A qui aurait pu adhérer au mythe qu'ont voulu échafauder les diverses sources littéraires et cinématographiques autour de l'auteur des sept piliers de la sagesse, Thomas Edward Lawrence, plus connu sous le nom que lui a attaché le film de Davis Lean, Lawrence d'Arabie, Gilbert Sinoué recommande de considérer la légende avec précaution.

Il y a en effet de son point de vue matière à enquête pour déterminer à quel degré la légende aurait fait d'un personnage illuminé un héros au seul artifice que le décor, l'époque et l'acteur choisi pour sa ressemblance auraient produit un effet supérieur au naturel.

Les décors des mille et une nuits, les chevauchées dans le désert, le regard au bleu insondable de Peter O'Toole, la lutte des tribus arabes pour s'extraire du joug de l'Ottoman, n'y avait-il pas là tous les ingrédients pour forcer le romanesque. Au point de magnifier un mythomane à qui le contexte historique chaotique de la première guerre mondiale aurait quelque peu lâché la bride sur le cou, son pays étant plus préoccupé par les fronts de l'Artois et de la Somme.

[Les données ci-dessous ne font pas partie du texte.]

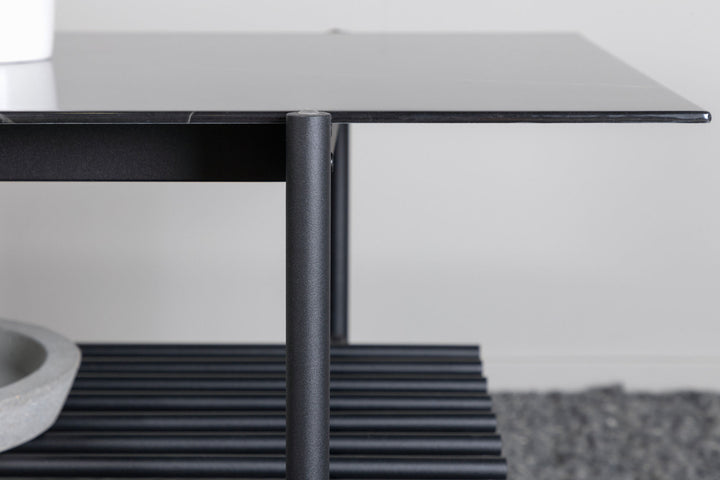 Venture Home Von Staf Sofa Table - black / Black Glass Marble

Ou bien faut-il y voir de la part de Gilbert Sinoué, dont on connaît les racines égyptiennes, quelque compte à régler avec ces nations, dont l'Angleterre et la France, qui ont tracé des frontières à l'emporte-pièce et sont par-là responsables du malaise faisant du Moyen-Orient, et à n'en pas douter pour longtemps, une poudrière ?

Ce qui est sûr c'est que David Lean, du haut des cieux qui l'abritent désormais, doit bien regretter le ternissement de l'image de son héros devenu dans les mots de Gilbert Sinoué un personnage pathétique, dépourvu de sensualité pour ne pas dire asexué tant il avait la phobie du contact des corps. Une sorte de pantin frustré et nihiliste qui « devint victime de la légende qu'il avait lui-même entretenue. »

Le grand spécialiste du Moyen-Orient qu'est notre auteur franco égyptien a quelque peu trempé sa plume dans l'acide pour déchoir celui que le cinéma a érigé en héros. Il fut donc à ses yeux la vitrine de ce qui ne restera jamais qu'un symbole de l'impérialisme britannique. Et l'auteur de clore par une citation qu'il tire du film de John Ford, L'homme qui tua Liberty Valance, : « Si la légende est plus belle que la réalité, publie la légende. »

Le regard rêveur et énigmatique du héros a pris un voile, troublant encore un peu plus les mirages du désert.